Incorrect execution of SQL function in Dremio (executed by gandiva)

There is a test function:

SELECT upper (text1) a FROM dwh.public.test_upper WHERE trunc (months_between (CURRENT_DATE (), CURRENT_DATE ()) / 12) <= 59 limit 10

We are using version 15 of the dremo (upgrade to a newer version in the plans) included with UTF-16 character support.

Earlier in our fork, we made changes to the lower \ upper function at the sabot kernel StringFunctions level so that they work correctly with UTF-8 characters (upstream uses a character code shift for this, which only works for latin symbols).

When calling a test function on a test table, we observe the following behavior: for latin characters, the lower \ upper functions work, but for UTF-8 characters (in our case, Russian), they do not.

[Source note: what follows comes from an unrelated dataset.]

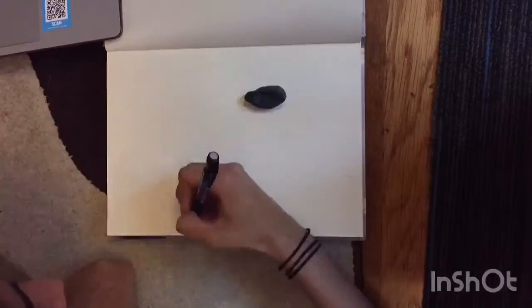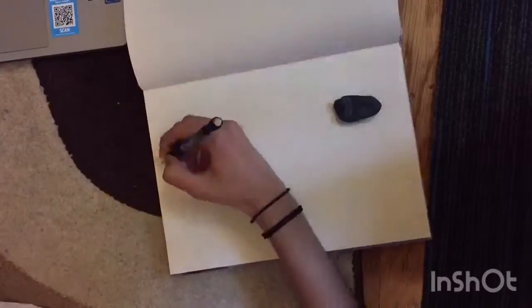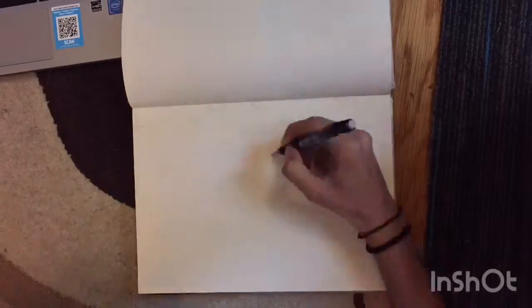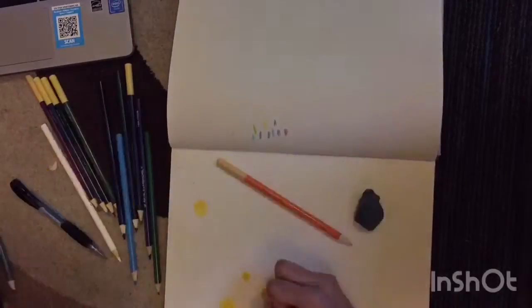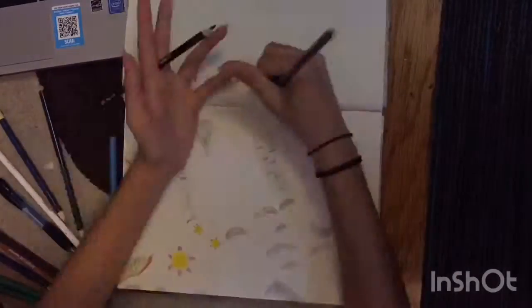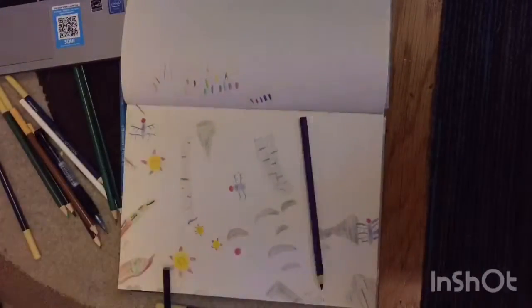Hey guys, welcome back to my channel! Today I'm going to draw a nature scene — a waterfall with some flowers and a dragonfly. I used Artist Loft colored pencils in gray, medium brown, yellow, orange, ocean blue, pastel green, bright green, emerald green.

The following line is observed in the log:

pool-18-thread-1 - 1e98e714-7da4-0c62-6ca7-4748b90c3e00: frag: 0: 0] DEBUG cdexec.expr.ExpressionSplitter - Expression executed entirely in Gandiva FunctionHolderExpression [args = [ValueVectorReadExpression [fieldId = TypeddsFieldId [fieldIpeddsFieldId [0], remainder = null]]], name = lower, returnType = varchar, isRandom = false]

As I understand it, we are talking about the fact that the function was performed using Gandiva. This is how I represent the logic for processing requests:

  1. The request is checked for pushdown capability. In this case, the ARP file for the connector does not have the months_between function, so the pushdown does not work.
  2. Dremio determines whether the java implementation will be used to execute the function (apparently, for this case, declared in com / dremio / exec / expr / fn / impl / or the gandiva function.
  3. Judging by the inscription in the log, the lower function from gandiva is applied. I looked at the source code for gandiva - it also uses the character number swig, i.e. works only for Latin.
  4. As a result, the English letters are brought to the required register, but the Russian ones are not.

We found a workaround - changing the original request or adding an arp file so that the request is always pushed to the database. But for us this is a temporary solution, because some of the requests are generated automatically.

In this regard, the question is: is it possible to somehow disable the execution of specific functions (lower, upper) by means of gandiva, so that our implementation of the function in the StringFunctions class works out?
Using some kind of flag when launching a dremo, or inside a dremo, or changing the source code?

Or is it only solved at the gandiva fix level?

@Arol Would you have the profile? We can review what the push down was and get back to you

@balaji.ramaswamy (10.0 КБ)

The profile from the test loop is not available right now, but this one should be about the same.

I think it’s worth noting that the dremo is launched with the following parameters:

-Dsaffron.default.charset = UTF-16LE
-Dsaffron.default.nationalcharset = UTF-16LE = UTF-16LE$en_US

As far as I understand, the function will not be pushed in the database because the months_between function is not declared in the ARP file of the connector. If we replace it with the existing timestampdiff, then the pushdown works, but in this case we are not interested in this case.

As a solution, I found the ability to use the exec.disabled.gandiva-functions key to disable the execution of the lower and upper functions in the gandiva.

23:33:11.377 [pool-18-thread-1 - 1e8f82fa-73c2-b71e-2bca-7aea57217f00:frag:0:0] DEBUG c.d.s.o.l.expr.GandivaPushdownSieve - function [lower] has been disabled to be executed in gandiva
23:33:11.377 [pool-18-thread-1 - 1e8f82fa-73c2-b71e-2bca-7aea57217f00:frag:0:0] DEBUG c.d.exec.expr.ExpressionSplitter - Splitting expression FunctionHolderExpression [args=[ValueVectorReadExpression [fieldId=TypedFieldId [fieldIds=[0], remainder=null]]], name=lower, returnType=varchar, isRandom=false]
23:33:11.377 [pool-18-thread-1 - 1e8f82fa-73c2-b71e-2bca-7aea57217f00:frag:0:0] DEBUG c.d.exec.expr.ExpressionSplitter - Expression executed entirely in Java FunctionHolderExpression [args=[ValueVectorReadExpression [fieldId=TypedFieldId [fieldIds=[0], remainder=null]]], name=lower, returnType=varchar, isRandom=false]

In this case, I see in the debug log information that execution on gandiva is prohibited and a java function is used (like, it’s called LLVM) - an analogue of what is in StringFunctions in sabot.kernel. We changed this function in our code so that it works correctly with UTF-8 and it looks like it works for us.